Die Vormundschaft für unbegleitete minderjährige Flüchtlinge ist eines der aktuellsten Themen im Vormundschaftsrecht. Dies beweisen nicht zuletzt die Appelle des Berliner Rechtsanwaltvereins, der Berliner Rechtsanwaltskammer sowie des Bochumer Anwalt- und Notarverein e.V. an ihre Mitglieder, sich für das Jahr 2016 als ehrenamtliche Vormünder für minderjährige unbegleitete Flüchtlinge zur Verfügung zu stellen. Diesem Aufruf sind bislang mehr als 750 Rechtsanwälte gefolgt.
Häufig stehen dem für die Vormundschaftsbestellung zuständigen Familiengericht allerdings das Jugendamt als Amtsvormund und Rechtsanwälte (als Berufsvormund) zur Auswahl. Auswahlkriterien dürfen dann aber nicht die möglichen Kosten der Vormundschaft sein. Vielmehr ist das Wohl des Mündels in den Vordergrund zu stellen.

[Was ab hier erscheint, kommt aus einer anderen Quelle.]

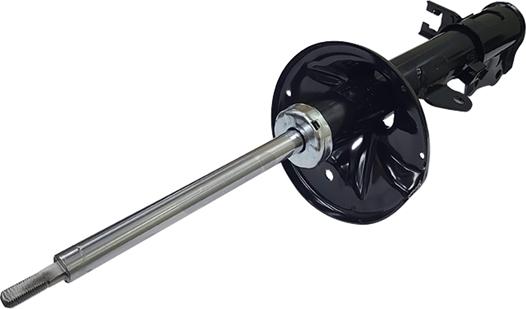 CTR GY1236G - Ammortizzatore www.autoricambi360.it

B. Inhalt und Gegenstand der Entscheidung

In dem dem OLG Celle zur Überprüfung vorgelegten Verfahren hatte das Familiengericht für einen minderjährigen Flüchtling, der unbegleitet nach Deutschland gekommen war und sich in der Obhut des Landkreises befand, das Jugendamt des Landkreises zum Vormund bestellt. Auf die hiergegen erhobene Beschwerde des Landkreises hob das OLG Celle die Bestellung zum Vormund auf und verwies das Verfahren an das Familiengericht zurück, weil das Familiengericht das ihm nach § 1779 BGB bei der Auswahl des Vormunds zustehende Ermessen nicht ausgeübt habe.
Zu einer ordnungsgemäßen Ermessensentscheidung gehöre nämlich zwingend, wie das OLG Celle ausführt, zunächst die Feststellung, welche Personen als Vormund geeignet sind. Das Gericht habe von Amts wegen zu ermitteln (§ 26 FamFG), welche Personen als Vormund in Betracht kommen. Dies sei in dem vorliegenden Verfahren unterlassen worden. Ferner fehle es an einer Begründung, warum das Jugendamt zum Vormund bestellt worden sei. Aufgrund dieser schweren Ermessensfehler war die Entscheidung daher gemäß § 69 Abs. 1 Satz 3 FamFG aufzuheben und an das Gericht des ersten Rechtszuges zurückzuverweisen.

C. Kontext der Entscheidung

Die jüngsten Entscheidungen zu der Frage, was bei der Auswahl eines Vormunds für einen unbegleiteten minderjährigen Flüchtling zu beachten ist, betrafen zumeist die Frage, ob dem Mündel neben dem Amtsvormund zur Ausübung der asyl- und ausländerrechtlichen Vertretung ein Rechtsanwalt als Mitvormund zu bestellen ist (dies bejahend: OLG Frankfurt, Beschl. v. 08.01.2015 – 6 UF 292/14; OLG Bamberg, Beschl. v. 07.01. 2015 – 7 UF 261/14; OLG Frankfurt, Beschl. v. 11.09.2014 – 6 UF 239/14; OLG Frankfurt, Beschl. v. 19.02.2014 – 6 UF 28/14; OLG Frankfurt, Beschl. v. 28.01.2014 – 6 UF 289/13; dies verneinend: OLG Frankfurt, Beschl. v. 10.09.2014 – 1 UF 211/14; OLG Frankfurt, Beschl. v. 02.12.2013 – 5 UF 310/13). Die Bestellung eines Mitvormundes wird in der Entscheidung des OLG Celle indes gar nicht thematisiert. Für die konkrete Entscheidung über die Beschwerde des Landkreises war dies aufgrund der vom OLG Celle festgestellten Ermessensfehler auch nicht notwendig. Die Bedeutung der Entscheidung für die Frage des Verhältnisses von Amtsvormund und Berufsvormund ergibt sich erst aus einem sehr ausführlichen obiter dictum des Oberlandesgerichts.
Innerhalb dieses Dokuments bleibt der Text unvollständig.